Applicant’s argues that the prior arts on record fails to teach the amended limitation of independent claims. However, upon further consideration, a new ground(s) of rejection is made using the newly find prior arts to Savanah (US Pub. No. 2019/0303543).
Claim Rejections - 35 USC § 101
35 U.S.C. 101 reads as follows:
Whoever invents or discovers any new and useful process, machine, manufacture, or composition of matter, or any new and useful improvement thereof, may obtain a patent therefor, subject to the conditions and requirements of this title.
Claims 13-18 are rejected under 35 U.S.C. 101 because the claimed invention is directed to non-statutory subject matter. Claims 13-18 are directed to a computer program product comprising a computer readable storage medium. Examiner respectfully asserts that the claimed subject matter does not fall with the statutory class listed in 35 U.S.C. 101. The specification defines the computer-readable storage medium as any kind of storage medium (i.e., see paragraph 17) and therefore, it could be interpreted as a communication media which does not fall within one of the four statutory classes of 101. Appropriate correction is required.
Claim Rejections - 35 USC § 103
In the event the determination of the status of the application as subject to AIA 35 U.S.C. 102 and 103 (or as subject to pre-AIA 35 U.S.C. 102 and 103) is incorrect, any correction of the statutory basis for the rejection will not be considered a new ground of rejection if the prior art relied upon, and the rationale supporting the rejection, would be the same under either status.
The following is a quotation of 35 U.S.C. 103 which forms the basis for all obviousness rejections set forth in this Office action:
A patent for a claimed invention may not be obtained, notwithstanding that the claimed invention is not identically disclosed as set forth in section 102 of this title, if the differences between the claimed invention and the prior art are such that the claimed invention as a whole would have been obvious before the effective filing date of the claimed invention to a person having ordinary skill in the art to which the claimed invention pertains. Patentability shall not be negated by the manner in which the invention was made.

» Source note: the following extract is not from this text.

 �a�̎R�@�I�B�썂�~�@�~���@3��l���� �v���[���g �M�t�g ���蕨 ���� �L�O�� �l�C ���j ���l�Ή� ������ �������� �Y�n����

This application currently names joint inventors. In considering patentability of the claims the examiner presumes that the subject matter of the various claims was commonly owned as of the effective filing date of the claimed invention(s) absent any evidence to the contrary. Applicant is advised of the obligation under 37 CFR 1.56 to point out the inventor and effective filing dates of each claim that was not commonly owned as of the effective filing date of the later invention in order for the examiner to consider the applicability of 35 U.S.C. 102(b)(2)(C) for any potential 35 U.S.C. 102(a)(2) prior art against the later invention.
Claims 1-20 are rejected under 35 U.S.C. 103 as being unpatentable over Ting (US Pub. No. 2007/0186106) in view of Lee (US Pub. No. 2011/0099612) and further in view of Savanah (2019/0303543).
As per claim 1 Ting in view of Lee discloses:
A method for authentication, authorization, and access-control, the method comprising: receiving identity information from one or more sources regarding a user attempting to access a resource; (paragraph 11 of Ting, in some embodiments (e.g., where the user is requesting access from a client workstation within the secure computer system), the request is received from a client machine. In other cases, such as when a user is requesting access from a remote location, the request is received from a remote-access server acting as a proxy and/or gateway for the secure computer system. The user authentication credentials can include one or more of a user identification code, a secure access code, biometric data, a badge ID, a screen name, and/or a password for granting a user's request to access to secure applications).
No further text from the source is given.